:: Dataset ::

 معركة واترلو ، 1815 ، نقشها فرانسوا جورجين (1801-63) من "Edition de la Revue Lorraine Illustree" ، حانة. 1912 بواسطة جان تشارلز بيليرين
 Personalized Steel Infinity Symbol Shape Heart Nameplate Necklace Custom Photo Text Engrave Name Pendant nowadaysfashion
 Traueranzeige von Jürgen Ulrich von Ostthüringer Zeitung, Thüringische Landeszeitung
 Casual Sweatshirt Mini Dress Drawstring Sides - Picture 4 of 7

:::
:: Dataset ::

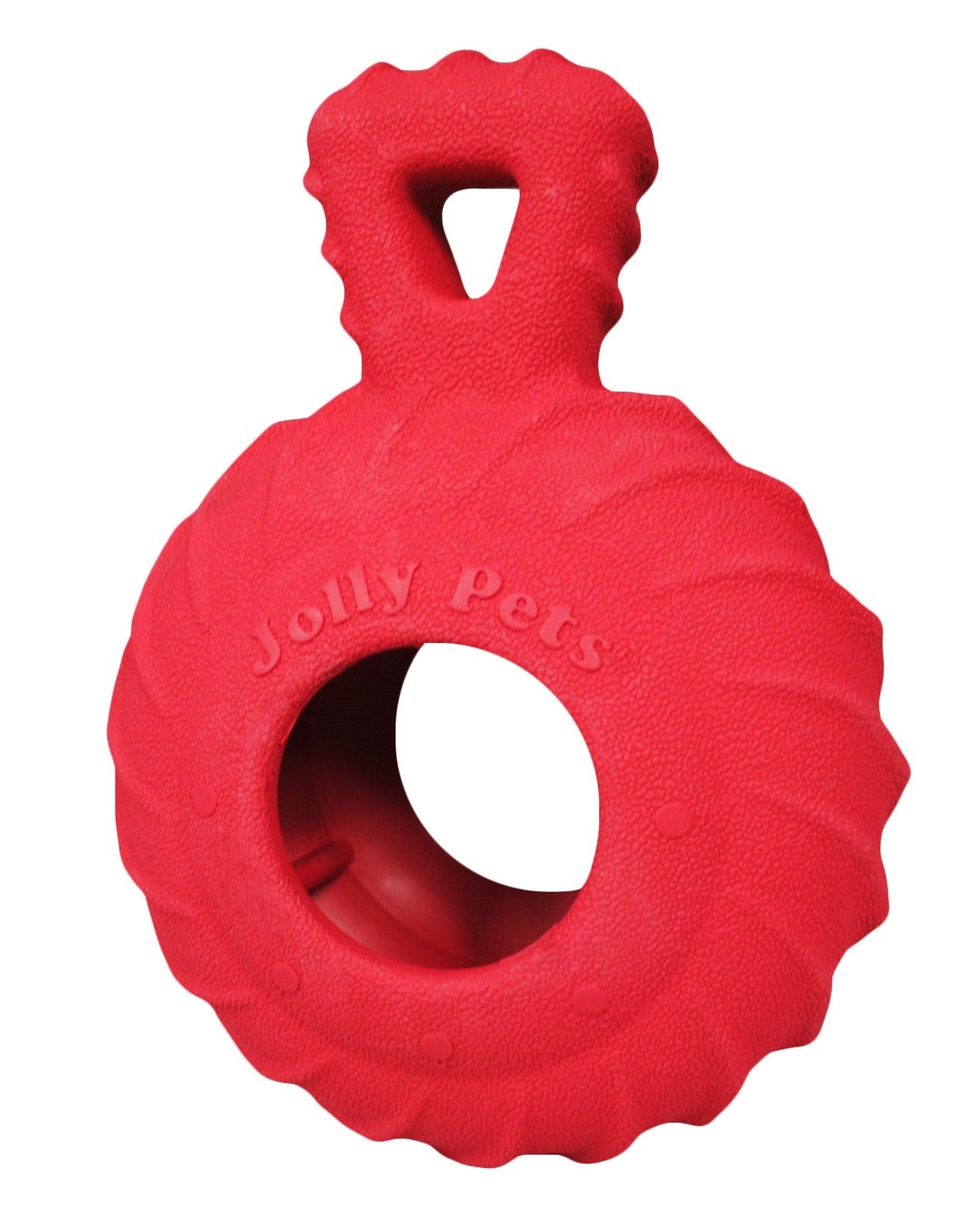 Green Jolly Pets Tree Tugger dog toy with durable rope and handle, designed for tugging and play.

:::
:: Dataset ::

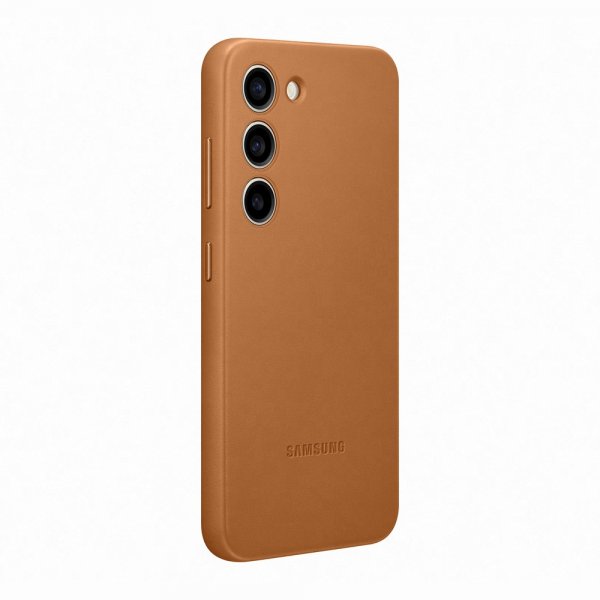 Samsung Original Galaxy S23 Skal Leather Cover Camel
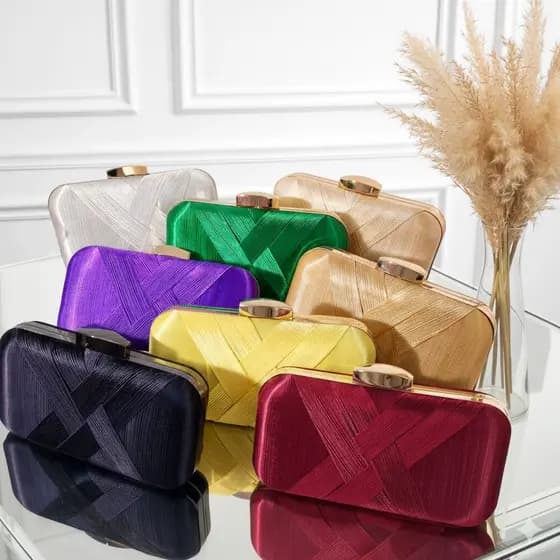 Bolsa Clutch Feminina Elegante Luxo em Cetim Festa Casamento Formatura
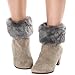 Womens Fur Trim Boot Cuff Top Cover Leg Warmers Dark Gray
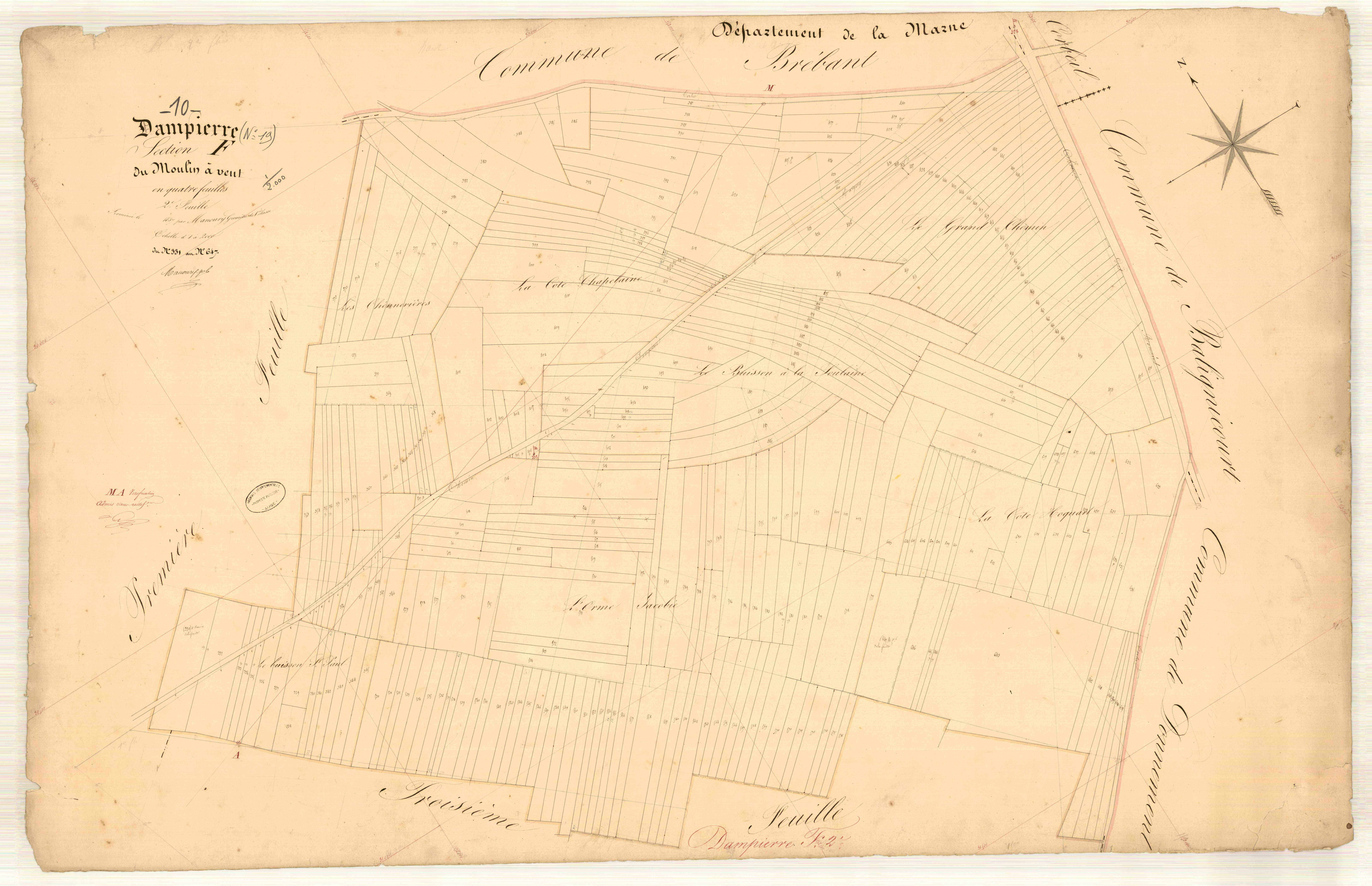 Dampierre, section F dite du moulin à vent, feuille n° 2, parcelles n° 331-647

:::

**Task item**
In the records above, the line with "معركة واترلو ،" marks the start and the line with "Personalized Steel Infinity" marks the end; copy that stretch exactly, both lines included, and nothing else.

**Solution for this problem**
 معركة واترلو ، 1815 ، نقشها فرانسوا جورجين (1801-63) من "Edition de la Revue Lorraine Illustree" ، حانة. 1912 بواسطة جان تشارلز بيليرين
 Personalized Steel Infinity Symbol Shape Heart Nameplate Necklace Custom Photo Text Engrave Name Pendant nowadaysfashion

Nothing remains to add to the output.